Like soufflés in the oven and the weather on Mount Everest, generative AI (GenAI) calls for vigilance. Companies get that, but their precautions aren’t always preventive. Many organizations assume that humans in the loop will catch any problems and, fail-safe in place, they’ll deploy GenAI carefree. Yet while human oversight is crucial for mitigating the risks of GenAI, it’s still only one part of a solution. And the typical approach—assigning people to review output—carries risks of its own. The problem is that organizations rely on human oversight without designing human oversight. They have good intent but lack a good model.
That model isn’t elusive. But it has several components that must be designed alongside the GenAI system.
Human oversight works best—which means it actually works—when it is combined with system design elements and processes that make it easier for people to identify and escalate potential problems. It also needs to be paired with other key ingredients of GenAI vigilance, including testing and evaluation, clear articulation of use cases (to ensure that GenAI systems don’t deviate from their intended use), and response planning. Getting this right means thinking about human oversight at the product conception and design stage, when organizations are building a business case for a GenAI solution. Tacking it on during implementation—or worse, just prior to deployment—is too late.

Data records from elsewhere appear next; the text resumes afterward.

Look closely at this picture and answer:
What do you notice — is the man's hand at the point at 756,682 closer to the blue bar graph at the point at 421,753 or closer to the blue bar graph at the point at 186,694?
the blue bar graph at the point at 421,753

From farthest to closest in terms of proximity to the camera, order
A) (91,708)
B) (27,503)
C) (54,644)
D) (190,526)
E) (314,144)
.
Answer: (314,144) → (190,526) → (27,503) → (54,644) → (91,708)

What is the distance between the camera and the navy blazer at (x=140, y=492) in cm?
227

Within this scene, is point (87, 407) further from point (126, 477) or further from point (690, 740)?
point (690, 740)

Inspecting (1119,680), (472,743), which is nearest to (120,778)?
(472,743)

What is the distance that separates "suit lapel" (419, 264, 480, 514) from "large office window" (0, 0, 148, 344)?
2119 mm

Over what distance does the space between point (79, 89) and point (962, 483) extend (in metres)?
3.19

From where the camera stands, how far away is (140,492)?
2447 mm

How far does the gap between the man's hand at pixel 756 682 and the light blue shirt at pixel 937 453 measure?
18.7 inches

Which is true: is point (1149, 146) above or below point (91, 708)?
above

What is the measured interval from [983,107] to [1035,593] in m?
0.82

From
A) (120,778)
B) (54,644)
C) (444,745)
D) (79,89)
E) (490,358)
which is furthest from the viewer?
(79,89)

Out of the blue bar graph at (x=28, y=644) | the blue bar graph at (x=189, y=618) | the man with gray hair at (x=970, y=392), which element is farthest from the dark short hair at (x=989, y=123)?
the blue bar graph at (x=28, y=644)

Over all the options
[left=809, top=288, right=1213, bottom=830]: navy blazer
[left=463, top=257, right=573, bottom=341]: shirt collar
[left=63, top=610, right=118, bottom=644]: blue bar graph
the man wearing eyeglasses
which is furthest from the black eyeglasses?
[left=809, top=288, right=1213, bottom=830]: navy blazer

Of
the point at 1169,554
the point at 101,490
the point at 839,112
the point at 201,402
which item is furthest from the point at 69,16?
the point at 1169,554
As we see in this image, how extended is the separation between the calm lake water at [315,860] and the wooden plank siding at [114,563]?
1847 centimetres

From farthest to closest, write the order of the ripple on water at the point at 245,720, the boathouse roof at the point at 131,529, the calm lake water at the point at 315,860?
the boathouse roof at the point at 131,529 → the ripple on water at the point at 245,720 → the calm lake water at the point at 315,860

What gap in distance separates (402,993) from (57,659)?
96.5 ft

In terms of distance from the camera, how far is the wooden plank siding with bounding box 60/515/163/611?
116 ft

Human oversight works best—which means it actually works—when combined with system design elements and processes that make it easier for people to identify and escalate problems.
A Fail-Safe That Often Fails
One of the unique traits of GenAI is that it can err in the same way humans err: by creating offensive content, demonstrating bias, and exposing sensitive data, for instance. So having humans check the output would seem a logical countermeasure. But there are a number of reasons why simply putting a human in the loop isn’t the fail-safe that organizations envision.

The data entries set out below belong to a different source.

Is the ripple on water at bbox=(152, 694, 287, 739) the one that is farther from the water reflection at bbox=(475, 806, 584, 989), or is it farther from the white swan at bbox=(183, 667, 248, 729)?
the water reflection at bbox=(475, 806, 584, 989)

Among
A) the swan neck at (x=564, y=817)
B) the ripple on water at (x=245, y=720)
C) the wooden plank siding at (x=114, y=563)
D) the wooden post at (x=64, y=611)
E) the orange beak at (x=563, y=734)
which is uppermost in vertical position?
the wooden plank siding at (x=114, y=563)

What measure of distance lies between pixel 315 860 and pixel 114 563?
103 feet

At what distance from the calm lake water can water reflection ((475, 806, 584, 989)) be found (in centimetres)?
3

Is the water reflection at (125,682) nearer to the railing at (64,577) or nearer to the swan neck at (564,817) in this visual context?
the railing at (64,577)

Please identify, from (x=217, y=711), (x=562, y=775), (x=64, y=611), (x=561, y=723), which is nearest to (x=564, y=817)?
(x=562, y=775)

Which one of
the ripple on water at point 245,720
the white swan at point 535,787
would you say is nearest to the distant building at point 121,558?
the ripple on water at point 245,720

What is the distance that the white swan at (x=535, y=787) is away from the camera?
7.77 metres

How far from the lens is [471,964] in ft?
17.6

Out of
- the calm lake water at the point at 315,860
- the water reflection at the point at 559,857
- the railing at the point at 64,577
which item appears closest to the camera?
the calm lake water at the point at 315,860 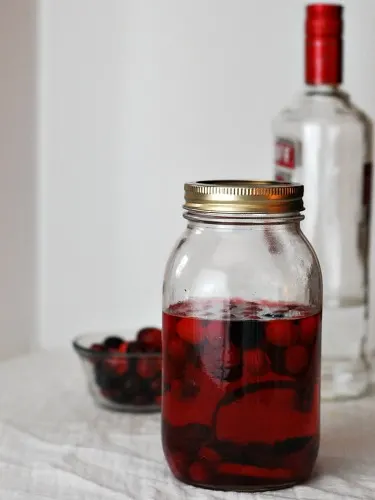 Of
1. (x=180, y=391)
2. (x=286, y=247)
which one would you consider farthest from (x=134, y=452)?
(x=286, y=247)

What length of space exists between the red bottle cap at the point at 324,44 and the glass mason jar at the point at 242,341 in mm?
340

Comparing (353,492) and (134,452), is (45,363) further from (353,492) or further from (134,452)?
(353,492)

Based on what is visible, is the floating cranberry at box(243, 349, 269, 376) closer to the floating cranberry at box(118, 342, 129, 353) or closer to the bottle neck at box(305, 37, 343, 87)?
the floating cranberry at box(118, 342, 129, 353)

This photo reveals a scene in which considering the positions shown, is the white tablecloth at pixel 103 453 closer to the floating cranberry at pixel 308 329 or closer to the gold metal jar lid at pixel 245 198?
the floating cranberry at pixel 308 329

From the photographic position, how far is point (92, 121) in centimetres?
141

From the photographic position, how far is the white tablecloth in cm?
79

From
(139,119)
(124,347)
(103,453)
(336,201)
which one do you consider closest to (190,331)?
(103,453)

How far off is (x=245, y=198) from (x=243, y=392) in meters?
0.15

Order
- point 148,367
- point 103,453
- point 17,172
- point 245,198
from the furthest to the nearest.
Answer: point 17,172 → point 148,367 → point 103,453 → point 245,198

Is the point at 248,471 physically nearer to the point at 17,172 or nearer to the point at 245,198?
the point at 245,198

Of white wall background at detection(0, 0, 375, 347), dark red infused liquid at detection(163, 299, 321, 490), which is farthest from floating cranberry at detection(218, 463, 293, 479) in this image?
white wall background at detection(0, 0, 375, 347)

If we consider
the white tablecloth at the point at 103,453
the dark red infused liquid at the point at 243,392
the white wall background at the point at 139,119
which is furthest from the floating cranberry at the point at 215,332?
the white wall background at the point at 139,119

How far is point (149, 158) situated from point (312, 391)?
675 mm

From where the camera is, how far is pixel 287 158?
3.65 ft
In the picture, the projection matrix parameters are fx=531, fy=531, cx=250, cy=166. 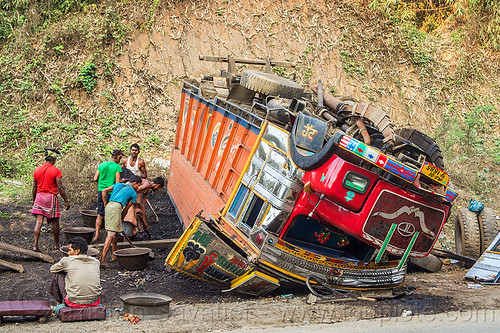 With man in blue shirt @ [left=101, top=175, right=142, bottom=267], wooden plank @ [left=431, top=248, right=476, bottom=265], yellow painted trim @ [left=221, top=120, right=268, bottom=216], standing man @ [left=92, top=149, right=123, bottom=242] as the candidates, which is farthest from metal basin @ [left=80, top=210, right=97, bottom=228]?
wooden plank @ [left=431, top=248, right=476, bottom=265]

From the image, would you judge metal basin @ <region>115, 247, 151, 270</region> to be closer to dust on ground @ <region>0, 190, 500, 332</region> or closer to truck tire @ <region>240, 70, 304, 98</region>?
dust on ground @ <region>0, 190, 500, 332</region>

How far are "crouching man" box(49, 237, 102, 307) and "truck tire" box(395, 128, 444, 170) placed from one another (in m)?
4.38

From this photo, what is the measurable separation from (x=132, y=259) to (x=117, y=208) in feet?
2.90

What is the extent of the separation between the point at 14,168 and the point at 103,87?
14.1 ft

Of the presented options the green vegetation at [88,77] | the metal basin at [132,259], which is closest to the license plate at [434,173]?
the metal basin at [132,259]

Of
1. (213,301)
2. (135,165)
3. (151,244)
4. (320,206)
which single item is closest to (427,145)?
(320,206)

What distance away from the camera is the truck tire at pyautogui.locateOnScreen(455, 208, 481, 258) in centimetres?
984

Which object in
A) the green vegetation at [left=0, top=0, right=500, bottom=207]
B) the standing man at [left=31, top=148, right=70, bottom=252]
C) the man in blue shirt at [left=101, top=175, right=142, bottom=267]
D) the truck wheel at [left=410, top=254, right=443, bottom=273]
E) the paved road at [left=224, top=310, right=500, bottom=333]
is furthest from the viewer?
the green vegetation at [left=0, top=0, right=500, bottom=207]

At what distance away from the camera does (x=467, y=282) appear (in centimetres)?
849

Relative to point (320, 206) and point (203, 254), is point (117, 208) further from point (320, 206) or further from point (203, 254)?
point (320, 206)

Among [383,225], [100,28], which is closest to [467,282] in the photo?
[383,225]

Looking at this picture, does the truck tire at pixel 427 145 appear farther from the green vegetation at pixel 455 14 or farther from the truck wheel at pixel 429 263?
the green vegetation at pixel 455 14

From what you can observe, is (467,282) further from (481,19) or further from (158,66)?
(481,19)

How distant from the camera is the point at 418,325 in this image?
5.99 metres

- Automation Bias. In effect, success breeds complacency. Humans will review initial outputs, see no errors, and quickly come to trust the system. Appraisals becomes cursory or even nonexistent. Consider something as commonplace as GPS navigation. A driver may have entered addresses hundreds, even thousands of times and in each case, the system successfully directed them to the destination. So when the system takes them on an unpaved path, without an expected landmark in sight, there’s a natural inclination to trust that the technology “knows what it’s doing” and keep taking those turns. We’ve all heard the stories: drivers navigating to the water’s edge or past it; trips that go on and on. Often there’s a simple explanation, such as an address that matches multiple locations (think 15 Main Street) or road work not yet reflected in the software. But the system’s track record created a hyperconfidence in its capabilities. And vital interventions never happened.
- Missing Context. GenAI systems often produce output without any additional information, such as supporting evidence. This lack of context can make it hard for reviewers to determine whether the answer is accurate or appropriate. As a result, reviewers face two choices: conduct additional research, cancelling out any efficiency gains from the system, or, more likely, accept the output at face value if it seems generally correct. Evaluation based on vibes rather than facts isn’t a viable risk mitigation approach.

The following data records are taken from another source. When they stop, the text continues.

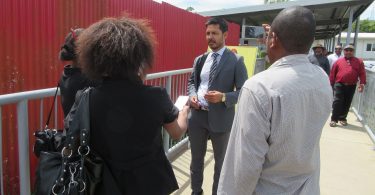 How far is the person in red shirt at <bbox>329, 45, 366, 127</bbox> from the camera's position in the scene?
7.91 meters

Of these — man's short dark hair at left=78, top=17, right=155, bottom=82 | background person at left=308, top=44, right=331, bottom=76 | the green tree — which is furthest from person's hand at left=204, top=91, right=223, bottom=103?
the green tree

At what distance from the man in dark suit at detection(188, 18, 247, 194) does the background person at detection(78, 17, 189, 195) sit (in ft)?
4.91

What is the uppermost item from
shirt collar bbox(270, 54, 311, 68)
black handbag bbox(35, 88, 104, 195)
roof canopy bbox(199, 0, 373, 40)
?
roof canopy bbox(199, 0, 373, 40)

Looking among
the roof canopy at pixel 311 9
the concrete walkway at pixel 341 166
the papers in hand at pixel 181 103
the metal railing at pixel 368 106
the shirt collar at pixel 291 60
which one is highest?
the roof canopy at pixel 311 9

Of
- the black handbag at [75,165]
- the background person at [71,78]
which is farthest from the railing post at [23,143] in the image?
the black handbag at [75,165]

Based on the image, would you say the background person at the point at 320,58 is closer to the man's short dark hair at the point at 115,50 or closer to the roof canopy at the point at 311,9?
the roof canopy at the point at 311,9

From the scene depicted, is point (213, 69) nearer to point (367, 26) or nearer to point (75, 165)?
point (75, 165)

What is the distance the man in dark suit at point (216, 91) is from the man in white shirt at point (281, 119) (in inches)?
61.8

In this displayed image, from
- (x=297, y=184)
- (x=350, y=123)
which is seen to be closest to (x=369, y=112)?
(x=350, y=123)

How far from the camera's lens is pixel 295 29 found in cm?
163

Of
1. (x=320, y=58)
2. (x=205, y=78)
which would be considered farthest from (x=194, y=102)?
(x=320, y=58)

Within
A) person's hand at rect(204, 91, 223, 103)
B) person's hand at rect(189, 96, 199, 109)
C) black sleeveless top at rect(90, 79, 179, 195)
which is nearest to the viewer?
black sleeveless top at rect(90, 79, 179, 195)

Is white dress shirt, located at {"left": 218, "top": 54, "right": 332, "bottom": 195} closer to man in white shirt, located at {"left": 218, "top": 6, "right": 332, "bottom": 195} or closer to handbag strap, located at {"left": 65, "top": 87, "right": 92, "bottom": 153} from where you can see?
man in white shirt, located at {"left": 218, "top": 6, "right": 332, "bottom": 195}

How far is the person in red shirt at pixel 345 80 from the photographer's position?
7.91 meters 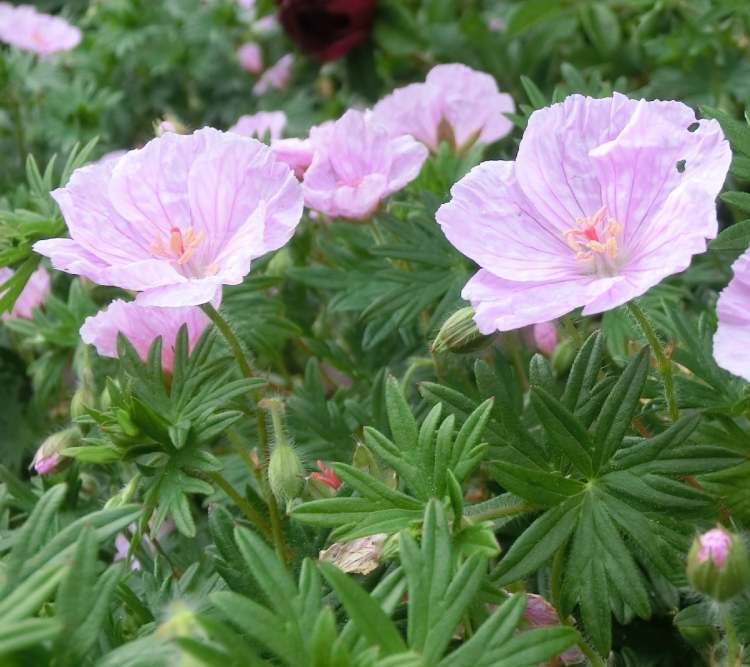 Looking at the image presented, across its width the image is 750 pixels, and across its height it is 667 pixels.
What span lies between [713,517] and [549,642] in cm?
22

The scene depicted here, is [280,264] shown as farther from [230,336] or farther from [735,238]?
[735,238]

- Lack of Counterevidence. Even when systems provide supporting evidence, that information justifies only why the output is correct. Few systems also present counterfactual evidence. So, while reviewers see the case in favor of the output, they don’t see the case against the output. Consider a GenAI solution that reviews whether permit applications are complete. The system produces a “yes” response because it sees that an application and the two required supporting documents have been filed. What the system should also share is that one of the supporting documents may be incomplete.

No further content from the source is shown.